Mark McGwire Admits To Steroid Use

Paul Weinstein

First published: 11th of January 2010 for Technorati

Mark McGwire today released a statement to The Associated Press that he did in fact use steroids during his 15 year professional playing career in baseball, including his single-season home run record 1998 season.

Heavy speculation that McGwire used steroids or human growth hormone has followed him almost since that very same record breaking season.

McGwire and fellow former Oakland Athletics team member Jose Canseco, along with New York Yankess’s Alex Rodriguez and Andy Pettitte have publicly admitted to using steroids during their recent playing careers. With many other suspected players including Barry Bonds, Roger Clemens, Sammy Sosa and David Ortiz being implicated in the past, baseball been forced to toughen its drug program twice in the past five years. Prior to the 2004 season, baseball had no mandatory testing program for active players.
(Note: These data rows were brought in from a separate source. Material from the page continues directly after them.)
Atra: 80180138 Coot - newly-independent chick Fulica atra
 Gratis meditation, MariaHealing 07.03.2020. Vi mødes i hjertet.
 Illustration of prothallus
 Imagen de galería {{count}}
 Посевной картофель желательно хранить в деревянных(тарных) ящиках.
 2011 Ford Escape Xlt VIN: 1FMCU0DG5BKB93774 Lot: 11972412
“Baseball is really different now — it’s been cleaned up,” McGwire said. “The commissioner and the players’ association implemented testing and they cracked down, and I’m glad they did.”
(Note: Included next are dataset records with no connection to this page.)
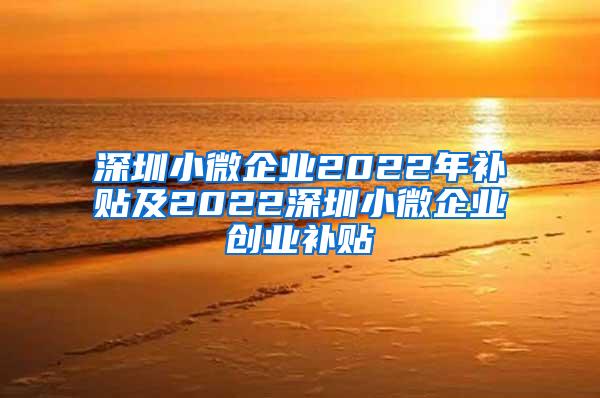 深圳小微企業(yè)2022年補貼及2022深圳小微企業(yè)創(chuàng)業(yè)補貼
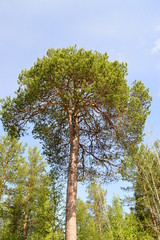 красавица-сосна © nikpul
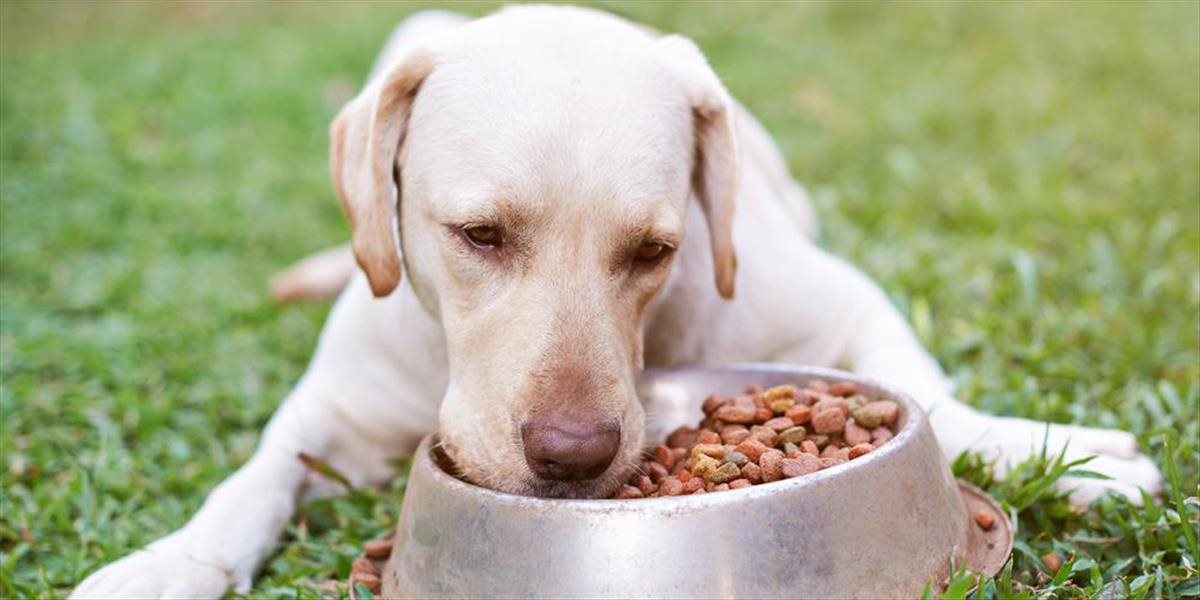 Kvalita krmiva Vášho psa je dôležitá.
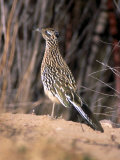 Greater Roadrunner, New Mexico Lámina fotográfica por Elizabeth DeLaney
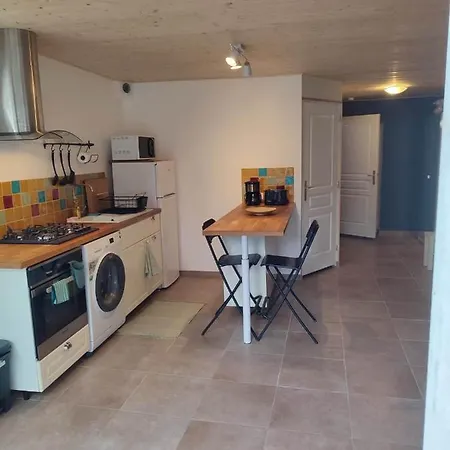 Avec Terrasse Apartment *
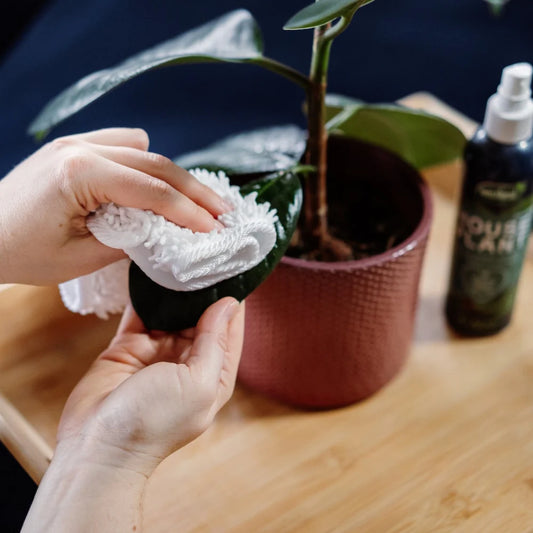 Westland Houseplant Mist & Leaf Shine 250ml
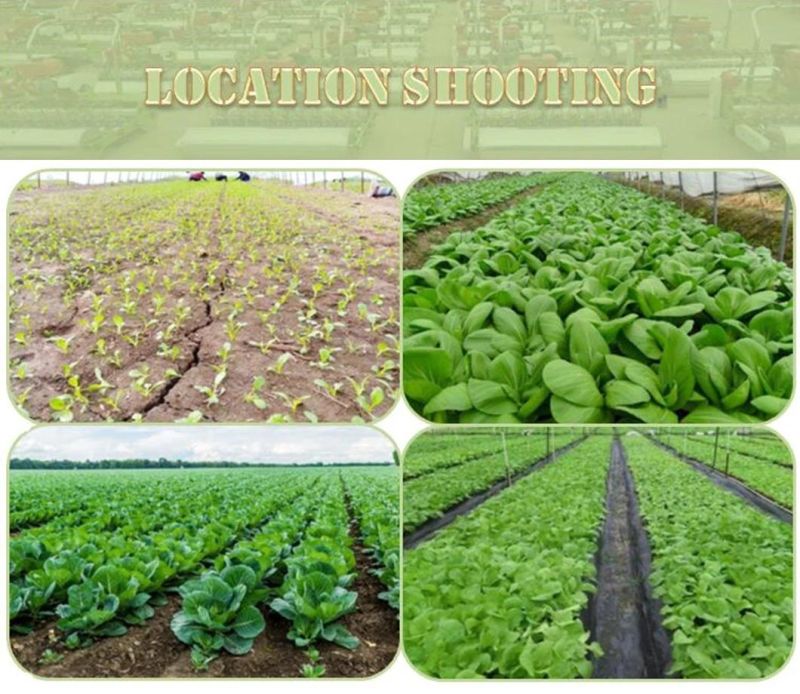 6 Rows Flower Seed Planter / Grass Seeder / Vegetable Seeder (factory selling customization)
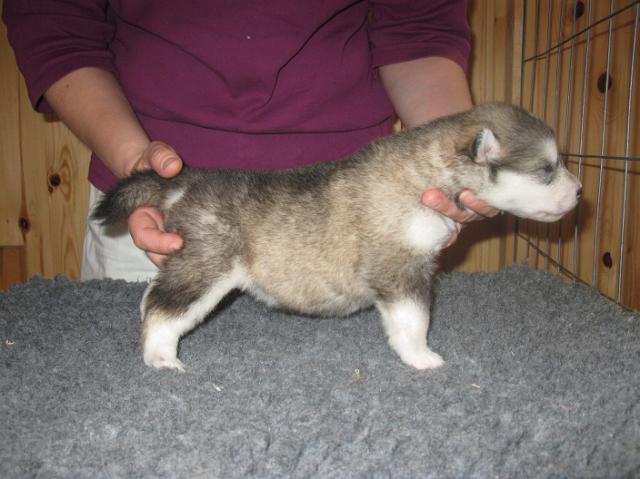 Annan pennut-pups180510074.JPG - 18.5.2010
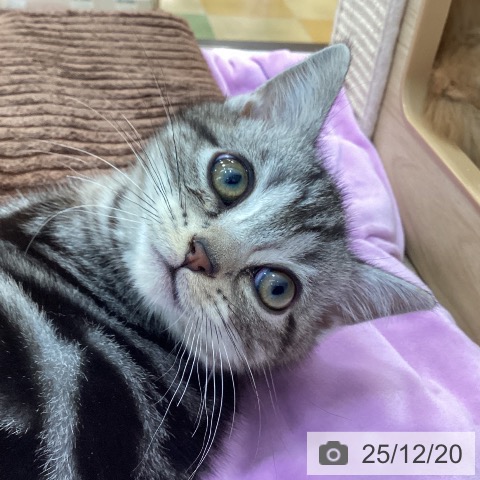 群馬県のアメリカンショートヘアー (ペットプラス 前橋店/2025年10月9日生まれ/男の子/シルバータビー)の子猫の3枚目の画像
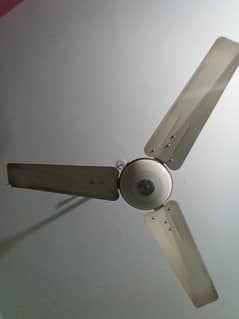 Pak fan used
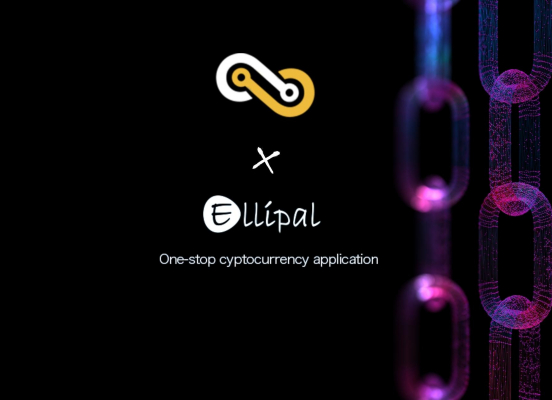 Now you can add the Bhax token into Ellipal cold wallet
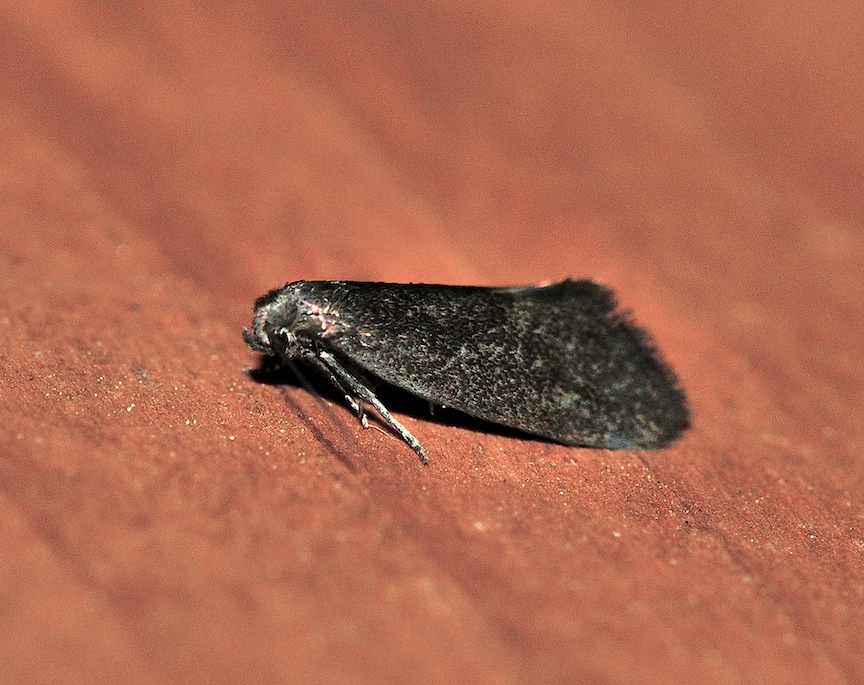 Micro nero vellutato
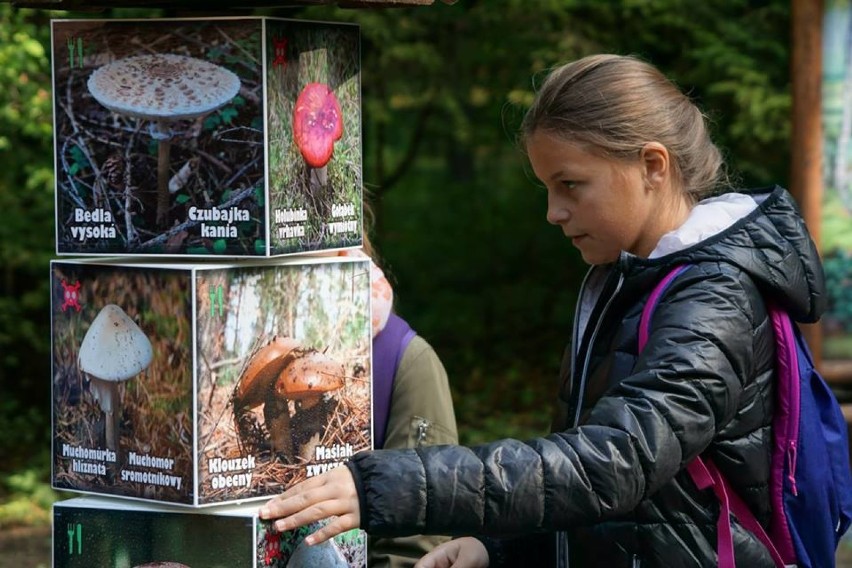 W Arboretum Bramy Morawskiej zainstalowano nową ścieżkę...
McGwire’s statement comes on the heels of his appointment as a hitting coach for his former team, “Now that I have become the hitting coach for the St. Louis Cardinals, I have the chance to do something that I wish I was able to do five years ago.”
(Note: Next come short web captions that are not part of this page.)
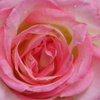 Princesse de Monaco-➄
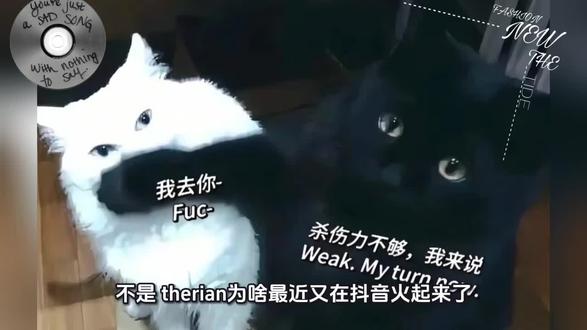 啥呀 单纯吐槽,并未针对任何人
#吐槽 #声明 #therian #并未针对任何人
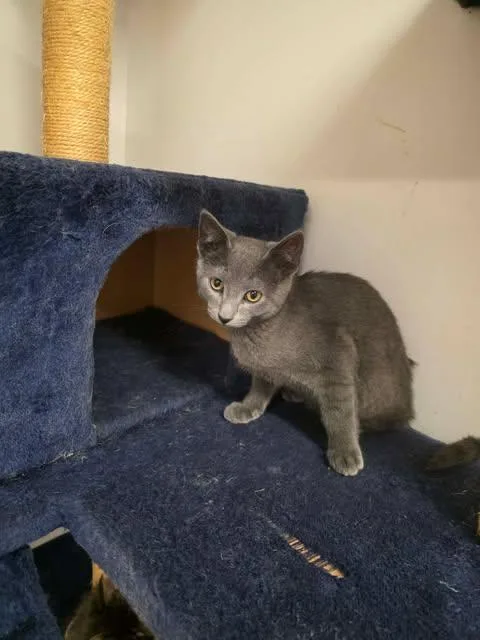 A young medium-sized female Domestic Short Hair cat named Spiffy for adoption in Fulton, NY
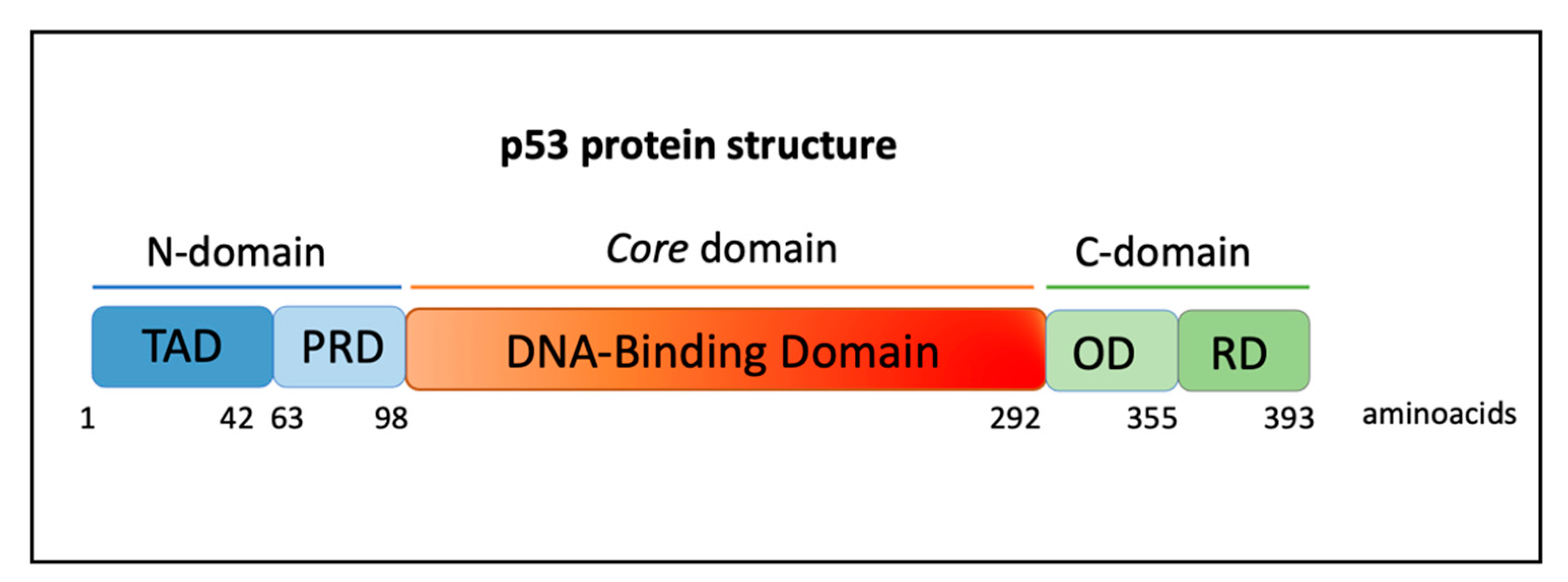 Cancers 14 03664 g001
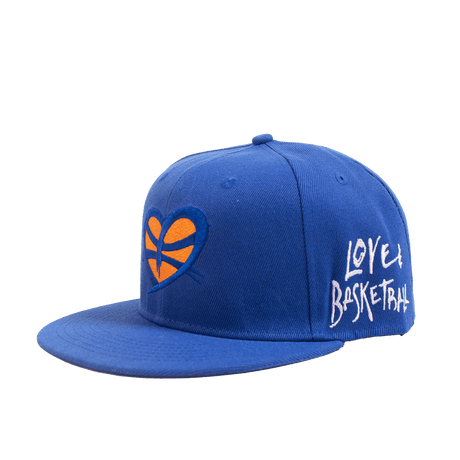 LOVE AND BASKETBALL FITTED BLUE - Allstarelite.com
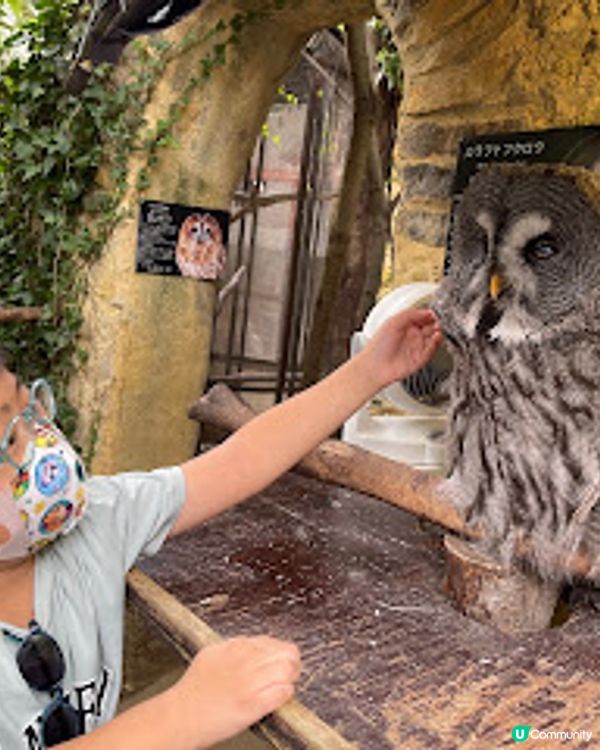 日本九州大分親子一日團｜太宰府天滿宮 ｜湯布院小鎮｜別府空中纜車｜灶地獄｜最新2023年｜8日7夜日本福岡親子自由行（非自駕）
But, with his public admission to using steroids, McGwire refocuses the open question in baseball, what to do about the players, known and suspected and their playing records?

Should players such as McGwire be eligible for the Baseball Hall of Fame? Or even be allowed to work in baseball at all?

Since baseball has not outright banned players who have tested positive for or have admitted to using steroids McGwire is indeed still eligible to work in baseball as well as be included in the Hall of Fame.

In fact McGwire recently received 23.7% of the vote among baseball writers for inclusion into the Hall in 2010. While that vote total is well shy of the 75% needed for induction, McGwire obviously has some people pulling for him, including St. Louis Cardinals pitcher Adam Wainwright, “they [McGwire and Sosa] did more than just hit home runs, they brought fans back, they brought baseball back,” Wainwright said, “There’s people in the Hall of Fame who have done much worse.”

While it remains to be seen if McGwire or any other “steroid-era” player will make it into the Hall of fame, the fact that McGwire has admitted to and now has a chance to watch out for the use of steroids will be closely watched over the coming season.

Hall of Fame or not, changes are fans of baseball will take recent assertion to heart. When asked if he felt that players of this era should have an asterisk by there name if voted into the Hall, Hank Aaron, a Hall of Famer himself, replied “If they’re guilty that’s what you should do,” Aaron said. “If they’re guilty they should come in with that because that, from what we gather, is part of why the record is where it is.”